Strategies for dealing with low Code Coverage in Legacy Code
Making Changes with more Confidence in Legacy Code
Hey, I am Klaus Haeuptle! Welcome to this edition of the Engineering Ecosystem newsletter in which I write about a variety of software engineering and architecture topics like clean code, test automation, decision-making, technical debt, large scale refactoring, culture, sustainability, cost and performance, generative AI and more. In this edition of the newsletter I am touching the complex topic of code coverage in legacy cody environments.
There are many definitions of legacy code, but most resonating definition to me is that it is code without tests. The code lacks a good test suite allowing the developers to make changes to the code with the confidence of not introducing bugs. This is a very broad definition, but it highlights the importance of testing in legacy systems. Without tests, it's difficult to understand the functionality of the code, and it's even more challenging to make changes without introducing errors. This can lead to a vicious cycle of poor code quality, poor testability, which can be difficult to break out of. It is important to consider building a good test suite and testability from the beginning, since it gets much harder and costly to add tests and the testability to the system later. This blog post will focus on the importance of code coverage and describe some strategies on how to improve it in legacy systems.
Benefits and Limits of Code Coverage
Code coverage is not a perfect measure of test quality, however, it does offer a reasonable, objective industry standard metric with actionable data. It does not require significant human interaction, it applies universally to all products, and there are many tools available in the industry for most languages. You must treat it with the understanding that it’s an insufficient and indirect metric that projects a lot of information into a single number so it should not be your only source of truth to get and understanding of the quality of your tests. Instead, you must use it in conjunction with other techniques to create a more holistic assessment of your testing efforts.
High code coverage doesn't necessarily mean your software is bug-free or that your tests are effective. It's possible to have high code coverage with poor test cases that don't accurately simulate real-world usage of the application.
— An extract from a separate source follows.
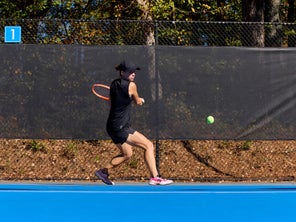 Image of a Playtester Hitting a Backhand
Therefore, code coverage should be used as one of many tools in your testing strategy, not as the sole indicator of software quality. Low code coverage should receive our attention, but a low code coverage number does guarantee that large areas of the product are going completely untested by automation. This increases our risk of pushing bad code to production, so it should receive attention. In fact a lot of the value of code coverage data is to highlight not what’s covered, but what’s not covered.
Types of Code Coverage
There are several types of code coverage, each providing a different perspective on the codebase:
Statement Coverage: This is the most basic form of code coverage, measuring the percentage of statements that have been executed in the codebase.
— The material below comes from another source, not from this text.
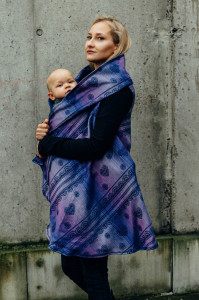 Cardigan lung/protectie babywearing pentru vreme rece, Lenny lamb - Space Lace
Branch Coverage: This measures the percentage of decision points (like 'if' statements) that have been executed, ensuring that both the true and false branches have been tested.
Function Coverage: This measures the percentage of functions that have been called in the codebase.
Condition Coverage: This measures the boolean sub-expressions in decision statements, ensuring that each condition can evaluate both to true and false.
Each type of coverage provides a different level of insight and thoroughness, and the appropriate type to use depends on the specific needs and context of the project. When it comes to legacy systems, it's often useful to start with statement coverage and branch coverage, as these provide a good overview of the codebase and can help to identify areas that need further testing.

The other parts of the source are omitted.